Boris Vian dizia, com pouco acerto, a não ser que considerasse todas as pessoas erotómanos, que “não há literatura erótica senão no espírito do erotómano; e não poderíamos pretender que a descrição...digamos, de uma árvore ou de uma casa, seja menos erótica que a de um casal de sábios amantes...Tudo está em precisar o estado de espírito do leitor.” (p. 42) O que Vian não diz é que o estado de espírito do leitor é manipulado pelo autor, pela forma como este gere a informação que chega ao outro. A descrição exterior de uma casa pode não ter nada de erótico, a não ser que o leitor saiba que lá dentro um homem e uma mulher se entregam aos prazeres mais intensos. Aí, a descrição deixa de ser anódina e convencional, e cada palavra de que o narrador se serve para descrever uma janela ou uma varanda é um momento de intimidade que não nos disponibiliza. Toda a cena do fiacre obedece a esse princípio. Flaubert faz de ilusionista que lança uma cortina de fumo que nos impede de espreitar para o outro lado. Só que nós sabemos o que está a acontecer do lado de lá; o truque é a própria cortina de fumo. Uma elipse perfeita em que o narrador não nos deixa a meio de uma cena para passar para um lugar longínquo, para saltar para outro acontecimento, mas em que nos obriga a permanecer à porta, suspensos, a contemplar o nada que, afinal, é tudo. A cortina que é, afinal, o verdadeiro truque.

 

“Play them like an organ”, era o desejo de Hitchcock em relação aos espectadores. Manipular o leitor, disponibilizando-lhe rações de informação, atiçando-lhe o voyeurismo para logo o frustrar, é a função do romancista, bonecreiro de um teatro de enganos, senhor da realidade fictícia. Dá-nos pedras e ruas que, na imaginação do leitor, suspiram, gemem, gozam. Entretém-nos com pedras ao mesmo tempo que esconde a carne, o fogo do desejo. Eis o verdadeiro romance sobre o nada, de que falava o próprio Flaubert.

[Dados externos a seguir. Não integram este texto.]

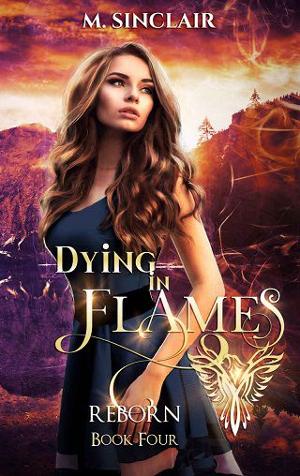 Dying in Flames by M. Sinclair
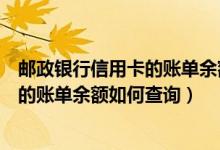 邮政银行信用卡的账单余额如何查询到账（邮政银行信用卡的账单余额如何查询）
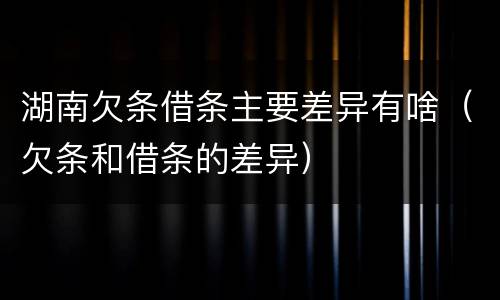 湖南欠条借条主要差异有啥（欠条和借条的差异）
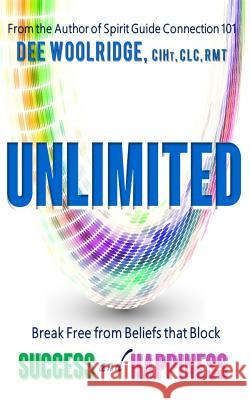 Unlimited: Break Free from Beliefs That Block Success and Happiness Dee Woolridge 9781523968541 Createspace Independent Publishing Platform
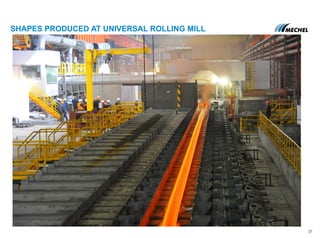 SHAPES PRODUCED AT UNIVERSAL ROLLING MILL
37
 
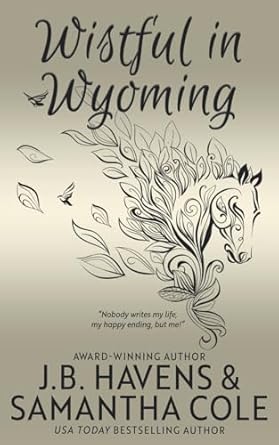 Wistful in Wyoming (2)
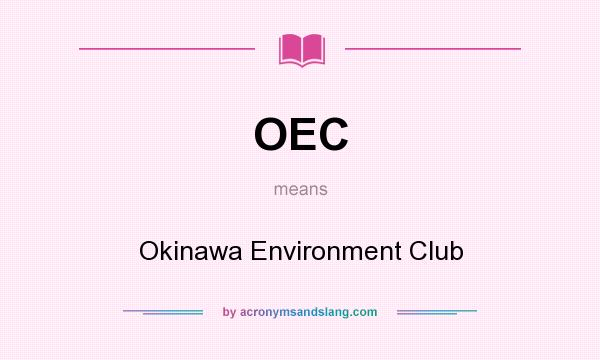 What does OEC mean? It stands for Okinawa Environment Club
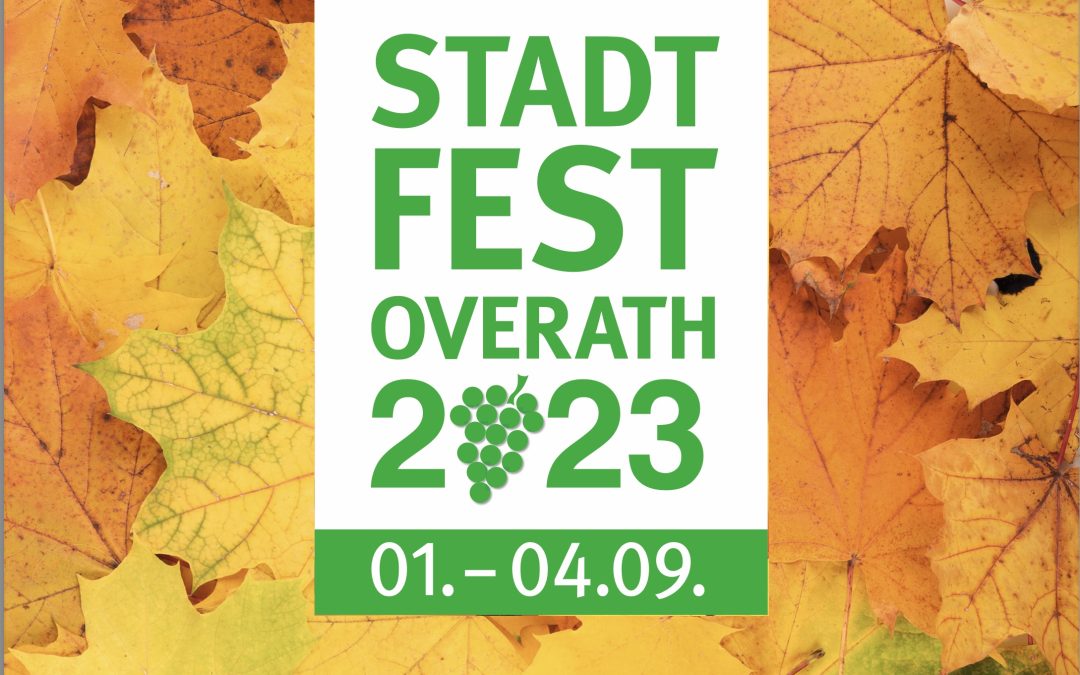 Overather Stadtfest 2023 lädt ein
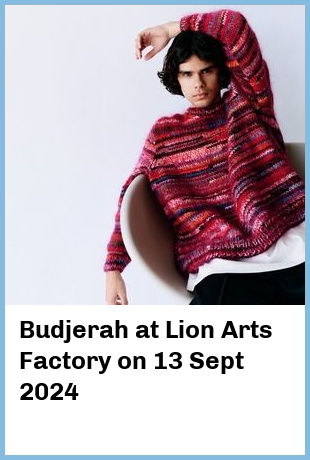 Budjerah at Lion Arts Factory in Adelaide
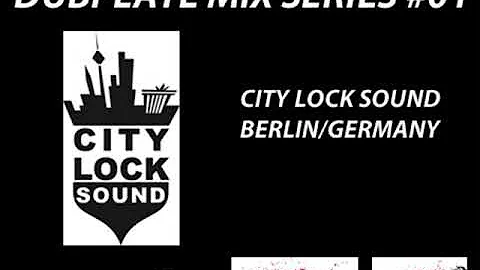 DUBPLATE MIX SERIES #01 - CITY LOCK SOUND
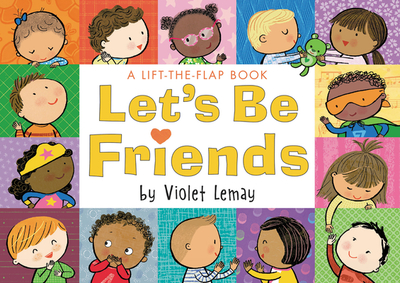 Let's Be Friends: A Lift-The-Flap Book - 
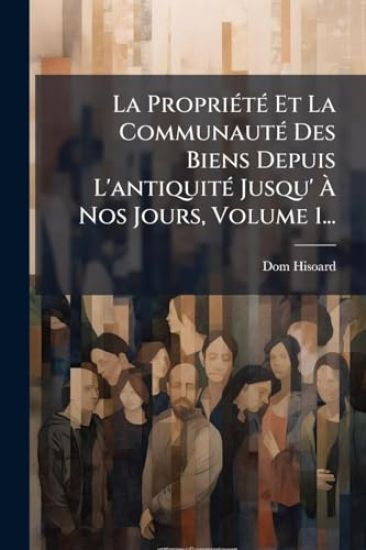 La PropriÃ(c)tÃ(c) Et La CommunautÃ(c) Des Biens Depuis L'antiquitÃ(c) Jusqu' Ã? Nos Jours, Volume 1...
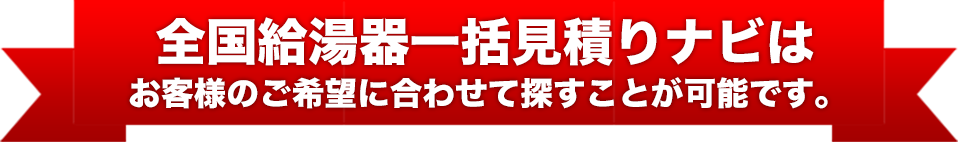 関東給湯器一括見積りナビは
お客様のご希望に合わせて探すことが可能です
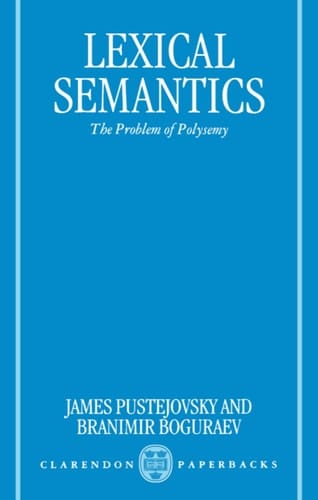 Lexical Semantics: The Problem of Polysemy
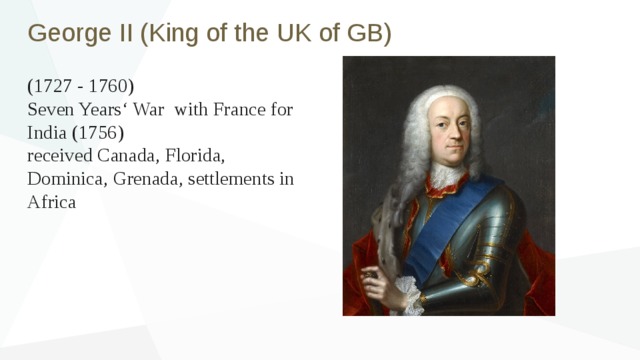 George II (King of the UK of GB) (1727 - 1760) Seven Years‘ War with France for India (1756) received Canada, Florida, Dominica, Grenada, settlements in Africa 
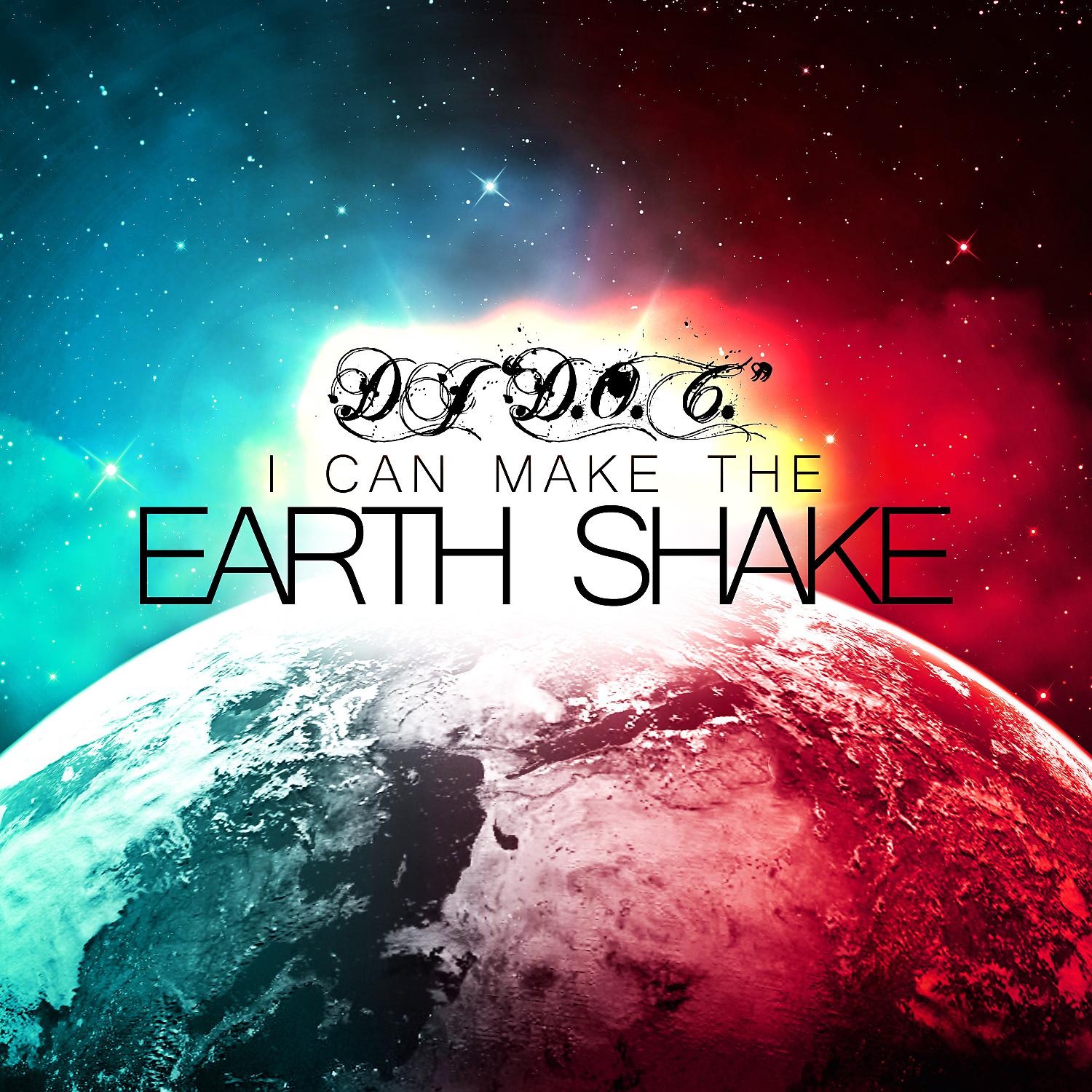 Постер альбома I Can Make The Earth Shake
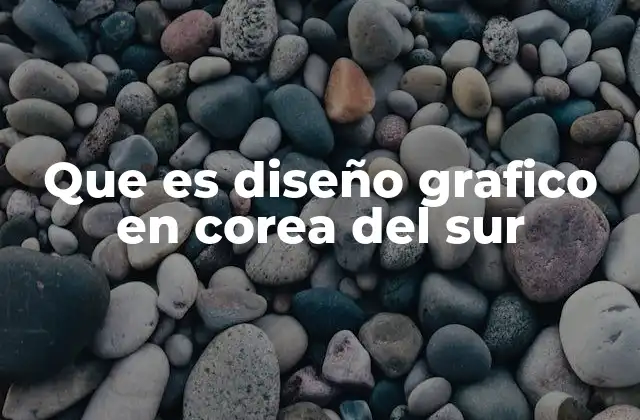Que es Diseño Grafico en Corea Del Sur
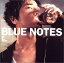 【中古】(CD)Blue Notes~The Best of Tateki Kobayashi~／小林建樹、ホッピー神山、羽毛田丈史、窪田晴男、奥田健治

Só podemos apreciar o nada se tivermos a certeza que, debaixo da superfície, há alguma coisa: “O veículo foi indo ao longo do rio, pelo caminho da sirga, calcetado de rudes calhaus, e, por muito tempo, do lado de Oyssel, para lá das ilhas. (...) Dali, desceu; e então, sem direcção nem destino, errou ao acaso.” O fiacre prossegue a viagem sem outro sentido que não o de prolongar o tempo dos amantes. Há uma sugestão de orgasmo, da lassidão física do êxtase: “ Em certa ocasião, a meio do dia, em pleno campo, no momento em que o sol dardejava raios mais fortes sobre as velhas lanternas prateadas, uma mão nua passou sob as pequenas cortinas de pano amarelo e lançou para o exterior papelinhos rasgados (...)”. A mão nua é toda a nudez da cena que termina com mais uma cortina de fumo, um véu que esconde as emoções tal como o fiacre tinha escondido os prazeres: “Depois, pelas seis horas, a carruagem parou numa travessa do bairro Beauvoisine, e dela se apeou uma mulher que caminhava com véu descido, sem voltar a cabeça.” Flaubert coroa a cena com esta maravilha de descrição pós-coital. Não se refere a Ema, diz apenas que é uma mulher e esta indefinição é de um poder extraordinário. Para ser, o sexo não tem de aparecer.